Am frühen Nachmittag waren rund 500 Teilnehmer in der Bahnhofstraße zu Standkundgebung gekommen. Die Demonstranten wurden in Zelten auf dem Königswall selektiv durchsucht, berichtet die Polizei. Einer der Teilnehmer hatte bereits bei seiner Ankunft am Bahnhofsvorplatz den Hitlergruß gezeigt. Gegen den Mann läuft eine Anzeige, er erhielt einen Platzverweis. Ein weiterer Versammlungsteilnehmer wurde von der Polizei vorläufig festgenommen, nachdem er Beamte lautstark beschimpft und beleidigt hatte.

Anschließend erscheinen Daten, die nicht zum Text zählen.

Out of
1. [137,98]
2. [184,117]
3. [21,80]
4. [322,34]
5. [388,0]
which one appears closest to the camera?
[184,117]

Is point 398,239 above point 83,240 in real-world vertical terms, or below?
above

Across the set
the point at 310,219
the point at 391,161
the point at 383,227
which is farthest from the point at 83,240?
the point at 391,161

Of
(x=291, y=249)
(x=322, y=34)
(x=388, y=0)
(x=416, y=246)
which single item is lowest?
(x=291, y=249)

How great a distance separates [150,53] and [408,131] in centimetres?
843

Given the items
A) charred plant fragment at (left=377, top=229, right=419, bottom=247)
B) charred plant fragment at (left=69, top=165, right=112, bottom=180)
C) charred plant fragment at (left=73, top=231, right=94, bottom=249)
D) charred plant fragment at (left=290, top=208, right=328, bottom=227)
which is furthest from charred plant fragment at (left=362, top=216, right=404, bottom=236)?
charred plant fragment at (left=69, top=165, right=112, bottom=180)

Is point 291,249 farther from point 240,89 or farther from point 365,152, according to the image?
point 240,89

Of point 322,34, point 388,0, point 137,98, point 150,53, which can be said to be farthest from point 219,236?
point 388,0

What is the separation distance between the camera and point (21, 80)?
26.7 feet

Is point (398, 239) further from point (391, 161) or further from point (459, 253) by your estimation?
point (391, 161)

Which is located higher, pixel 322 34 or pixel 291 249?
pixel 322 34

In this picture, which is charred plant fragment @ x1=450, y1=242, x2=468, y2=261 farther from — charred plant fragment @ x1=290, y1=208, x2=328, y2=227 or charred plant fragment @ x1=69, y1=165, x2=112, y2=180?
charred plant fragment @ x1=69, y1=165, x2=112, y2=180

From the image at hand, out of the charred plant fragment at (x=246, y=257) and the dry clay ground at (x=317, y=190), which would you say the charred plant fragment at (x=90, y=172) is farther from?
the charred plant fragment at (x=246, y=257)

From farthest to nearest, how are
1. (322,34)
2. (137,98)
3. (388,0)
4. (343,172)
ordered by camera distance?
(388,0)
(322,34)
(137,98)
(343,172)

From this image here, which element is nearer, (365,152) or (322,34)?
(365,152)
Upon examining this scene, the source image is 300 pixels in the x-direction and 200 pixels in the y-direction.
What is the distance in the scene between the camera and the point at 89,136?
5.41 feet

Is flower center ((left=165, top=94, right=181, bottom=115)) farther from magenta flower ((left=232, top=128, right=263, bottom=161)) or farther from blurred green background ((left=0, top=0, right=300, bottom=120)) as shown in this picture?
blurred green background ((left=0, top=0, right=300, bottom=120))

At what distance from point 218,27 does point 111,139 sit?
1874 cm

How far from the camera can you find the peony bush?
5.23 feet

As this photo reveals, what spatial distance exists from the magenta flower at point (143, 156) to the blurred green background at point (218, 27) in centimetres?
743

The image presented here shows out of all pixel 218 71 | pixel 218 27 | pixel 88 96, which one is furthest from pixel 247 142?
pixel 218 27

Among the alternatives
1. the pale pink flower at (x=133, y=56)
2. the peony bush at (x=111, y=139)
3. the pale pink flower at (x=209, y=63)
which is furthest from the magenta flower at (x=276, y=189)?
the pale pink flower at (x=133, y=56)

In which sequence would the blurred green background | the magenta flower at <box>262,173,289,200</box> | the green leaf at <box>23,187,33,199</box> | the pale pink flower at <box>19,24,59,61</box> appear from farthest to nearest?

Bis zum Abend vollstreckte die Polizei einen Haftbefehl und nahm insgesamt drei Personen in Gewahrsam, um Platzverweise durchzusetzen oder Straftaten zu verhindern. In einer Seitenstraße brannte am Nachmittag ein Auto. In der Nähe das Brandortes wurden eine Flasche und vermutlich Brandbeschleuniger entdeckt.

Die Gegendemonstration zu den Hooligans, Blockado mit etwa 280 Teilnehmern, setzte sich gegen 13.30 Uhr in Richtung Kampstraße / Katharinentreppe in Bewegung, berichtet die Polizei. Die von Kurden angemeldete Versammlung wurde bis  zum frühen Nachmittag von etwa 100 Teilnehmern aufgesucht.

Sperrungen in der Innenstadt

Bereits am frühen Mittag hatte die Anreisephase der Versammlungen begonnen und damit gab es die ersten Auswirkungen auf den Innenstadtverkehr. Der komplette Außenring des Königswalls zwischen Burgtor und Brinkhofstraße wurde gesperrt, berichtet die Polizei.  

Auch die Bundespolizei hatte ein Auge auf die Teilnehmer, die mit dem Zug zur Demo wollen: Insgesamt waren 140 rechtsgerichtete Personen aus dem Ruhrgebiet (Duisburg, Essen) sowie aus Richtung Hamm und Hannover auf den Anreisen nach Dortmund, teilten die Beamten mit.

Die Polizei ging von einem ähnlichen Teilnehmerkreis wie bei den Hogesa-Kundgebungen ("Hooligans gegen Salafisten") in Köln aus. Dort war es im Oktober 2014 zu schweren Ausschreitungen gekommen. "Unser Ziel ist und muss es sein, friedliche Versammlungen zu schützen, Störungen zu verhindern und gegen Gewalt- und Straftäter mit konsequenten Mitteln vorzugehen", sagte Einsatzleiter Dieter Keil am Morgen. Dafür waren mehr als 2000 Polizisten im Einsatz.

Das Bürgertelefon ist bis zum Einsatzende besetzt und unter der Rufnummer 0231 - 132 5555 zu erreichen. Die Polizei bittet dringend davon abzusehen, allgemeine Informationen über den Notruf der Polizei zu erfragen sondern das Bürgertelefon anzurufen.

Die Polizei hatte zunächst von 600 Teilnehmern der Hooligan-Demonstration berichtet, die Zahl aber korrigiert.